O’Hara and football have been linked since he was a standout quarterback and state runner-up at Cathedral in the 1970s before continuing his career at the University of Dayton where he won a NCAA Division III national title in 1980.
He began coaching as an assistant at Cathedral in 1983 and was part of the program’s 1986, 1996, 1998 and 1999 state championship seasons.
From 1988-93 he was the head coach at Hamilton Southeastern and later became the head coach at Cathedral in 2002. O’Hara led the Irish to the 2006 Class 4A state title with a 13-2 record.
After the 2007 season, however, he resigned due to a ruptured disc in his back until he reemerged as an assistant at Noblesville in 2012 and at Anderson in 2013.
Before coming to Eastern Hancock, O’Hara renewed his teaching licence during his brief hiatus, which offered him an opportunity this winter he couldn’t pass up as an educator.
“We want the best for him and we’re thankful for what he gave us,” Eastern Hancock Athletics Director Aaron Spaulding said. “I know he’s excited for his new endeavor. He’s going to be a little bit closer to home. Obviously, when you’re not coaching it’s a little bit less stress and more family time. I know he’s looking forward to that.”
O’Hara, who has a 118-63 coaching record in 16 seasons, was commuting to Charlottesville from Carmel, driving 80 miles and 90 minutes round trip daily, which played a part, he said.
“Eastern Hancock has been a fabulous place to work. Everyone there is kind and cares about you. It’s a small family. It was enjoyable,” O’Hara said. “But I had a long drive, and the game’s changed so much with concussions, heat-illnesses and starting June 1; it didn’t use to be that way. It’s different now. You have a lot more worries.”
One thing O’Hara won’t take with him is regrets.
Bringing a philosophy of trust and love to the Royals football program, O’Hara’s teams were 31-15 in four seasons, winning a sectional championship in 2014 at 10-3.
The Royals had three winning campaigns under O’Hara’s watch.
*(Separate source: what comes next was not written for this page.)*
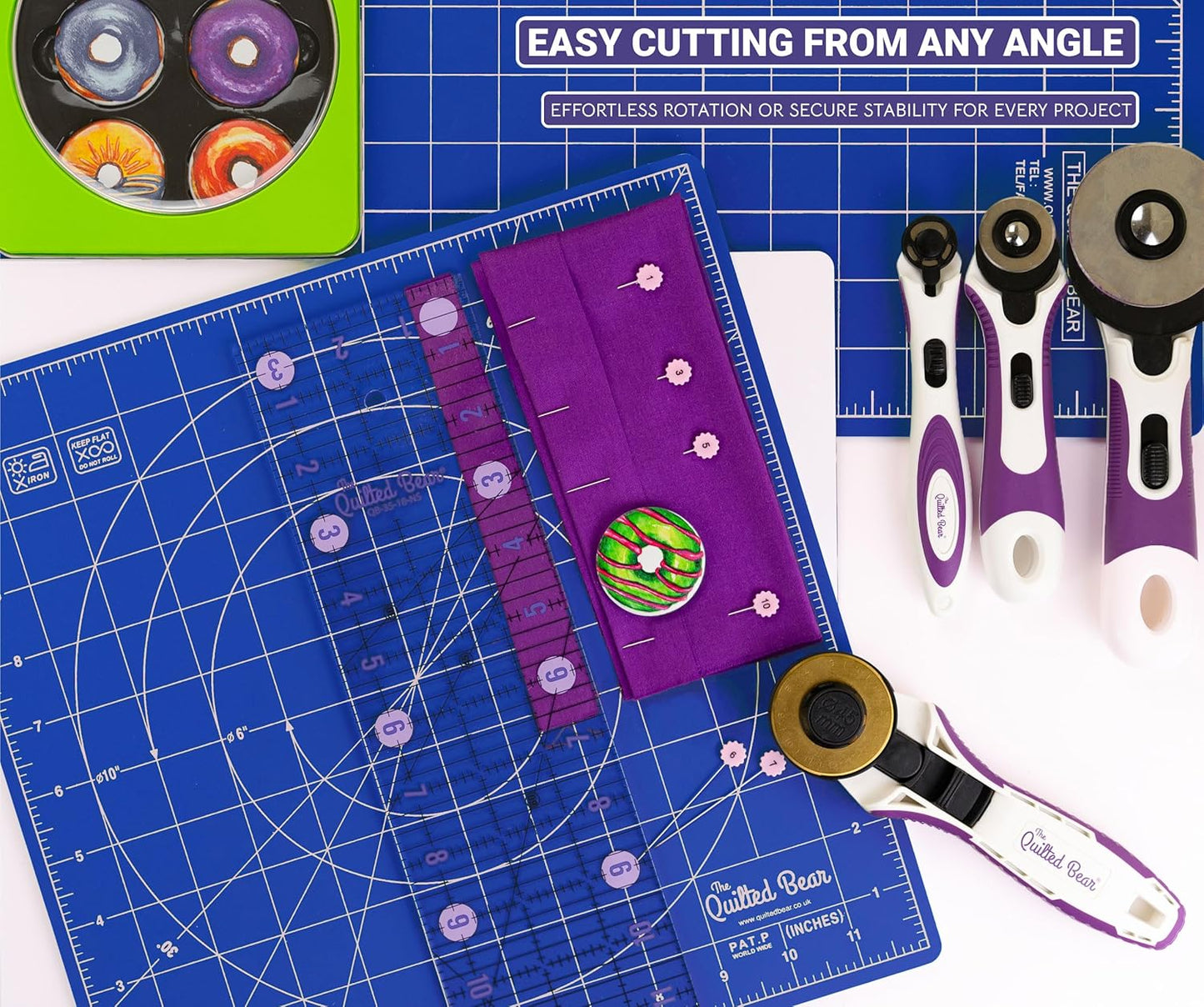 The Quilted Bear Rotating Cutting Mat 7" x 7" - Locking & Rotating Self Healing Cutting Board for Sewing, Fabric & Effortless Quilting - 360 Degree Sewing Supplies Mat for Craft Table (Blue)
They finished 6-5 this fall, dedicating their season to Riley Settergren, an incoming senior who passed away weeks before the season in a tragic car accident this past July.
O’Hara’s guidance and family approach to the game, Spaulding noted, helped not only the players but the community find the strength it needed to bond together and move forward after Settergren died.
“Jim was really good with the kids right away. He was a big part of funeral services himself in speaking and he managed a really difficult situation extremely well. I know he did everything he could to try to help everyone,” Spaulding said. “He was great with the family and a mentor to all the kids who were really having a hard time throughout that.”
Addressing his players last week to inform them of his resignation was difficult, O’Hara said, expressing his gratitude for his coaching staff and the families.
“Hopefully, we taught them a lot of life lessons about loving each other and taking care of your buddy,” O’Hara said. “It was a nice place to be. They’re family to me.”
No longer coaching will be an adjustment, he remarked, but the memories won’t fade anytime soon.
O’Hara looks back fondly on his time at Eastern Hancock, and at Cathedral, noting the 1986 title team that only had eight seniors on the roster.
“There are probably two teams for me. No. 1 would be the 1996 team at Cathedral. We were really good at 14-0,” O’Hara said. “My second favorite team wasn’t a state champion. It was my son’s (John) senior year in 2001. We had a bunch of ragamuffins. They got beat in the semistate after leading 21-7, but turned the ball over and lost 28-21 to Jasper.
“That team was special because it was my son’s. We didn’t have any superstars, and they played as a team. It was a great memory.”